Rebaselining for Agile at Scale

April 4, 2013 — Leave a comment

small-gun-ship

Let’s face it, technology systems are getting bigger and bigger.  Big data systems have moved beyond the lab and entrenched themselves in today’s market place as viable value drivers.  These systems and their supporting ecosystems are extremely complex.  They are more like aircraft carriers than small gun boats!  To build large, complex systems we (the software industry) need to refactor our product development practices.

We often see the following pattern when large (50+ people) programs kick off.  Their energy and enthusiasm to use cutting edge technologies drives them towards more modern development practices.  That is Agile practices.  Unfortunately, they usually try to apply low complexity Agile frameworks and practices to their high complexity environment.

What does that mean?  Our experience is they try to apply Scrum and a select few XP engineering practices to manage and deliver their system.  Inevitably, this breaks down for a variety of reasons and they revert back to BUFD, Waterfall methods.  #FAIL

Their approach to organizing and managing delivery at scale was flawed from the start.  We need tools and practices that map to high complexity environments in order to realize value at scale.  While Scrum is part of the solution, it is not the whole solution.  Its our opinion that the Scaled Agile Framework (SAFe) is currently the best and most mature tip revision of our industry’s current thinking to deliver at scale.

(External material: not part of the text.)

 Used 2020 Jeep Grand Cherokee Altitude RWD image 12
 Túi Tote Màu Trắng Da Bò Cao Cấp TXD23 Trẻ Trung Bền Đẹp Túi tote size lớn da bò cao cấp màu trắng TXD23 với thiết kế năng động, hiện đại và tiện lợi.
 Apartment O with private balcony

Here are some SAFe practices we must rebaseline when scaling agility:

  1. Product Owners don’t have complete autonomy anymore.  They must work from the program backlog that is managed by Product Management.  This is necessary to bring value alignment across the whole system.
  2. System designers don’t have complete autonomy either.  They must work within the constraints of the enterprise architecture.  Otherwise significant refactors will cause poor economics.
    • Note – Agile Architecture is significantly different than traditional ivory tower, BUFD architecture.
  3. Continuous Integration must occur at the system level.  Since these systems realize value at the system level, system level CI practices are necessary.
  4. Local team demo does not equal system demo.  Demos must scale to the system level on the same cadence as the teams so that our system stakeholders can provide valuable system level feedback necessary for maximum agility.
  5. Quality can’t be built in later.  Software quality breaks down exponentially as systems scale.  Just one system component with substandard quality can bring the whole system to its knees.  To maximize the economics(agility) of system development, we can’t wait for a refactoring sprint.  Quality must be built in as we develop across every team!